No quartel final do século XIX, Lisboa testemunha a construção de novos edifícios imponentes, particularizados por estéticas heterogéneas, erigidos por capitalistas de áreas diversas, sendo, igualmente, visível, no Porto, o desenvolvimento e crescente modernização do edificado urbano por parte de uma ascendente aristocracia inglesa. Por oposição, embora manifeste uma expressão representativa de setores secundários e terciários, Coimbra apresenta uma paisagem arquitetónica e artística estagnada.
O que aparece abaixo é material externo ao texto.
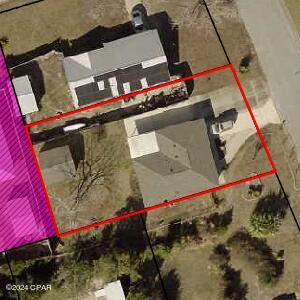 Sherwood Unit 5 - Residential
No entanto, com a fundação, em 1878, da Escola Livre das Artes do Desenho, liderada por António Augusto Gonçalves, vulto maior da memória conimbricense, uma nova dinâmica cultural é definida na urbe.
A Escola Livre, instalada na Torre de Almedina, teve, mediante os seus Estatutos, aprovados em 25 de outubro de 1880, o propósito de promover o estudo do desenho numa perspetiva artística, industrial e fabril, capacitando, sobretudo a classe operária, com uma formação teórica e prática qualificada, no contexto da cerâmica, cantaria, marcenaria, entalhe, escultura ou serralheria, contribuindo para criações individualizadas de reconhecida excelência. Neste sentido, valoriza-se tanto o conhecimento da História da Arte, cuja disposição perante movimentos revivalistas é visível nas materializações criativas dos artífices, como a realização de excursões de estudo a monumentos vários, com o objetivo de ampliar as competências artísticas dos alunos. De igual modo, a Escola Livre assume a organização da Exposição Distrital de Coimbra em 1884, contextualizada na esfera das artes decorativas e manufaturadas (mobiliário, ourivesaria, encadernações, fábricas de papel, ferro forjado…), tendo sido complementada por conferências várias, intervencionadas, nomeadamente, por Joaquim de Vasconcelos, intelectual de referência no estudo da arte portuguesa. É neste ambiente de estímulo criativo, facultado pela Escola Livre das Artes do Desenho, que se destaca o génio criador de artistas como o canteiro decorador e escultor João Machado e os artífices do ferro forjado Daniel Rodrigues e Lourenço Chaves de Almeida.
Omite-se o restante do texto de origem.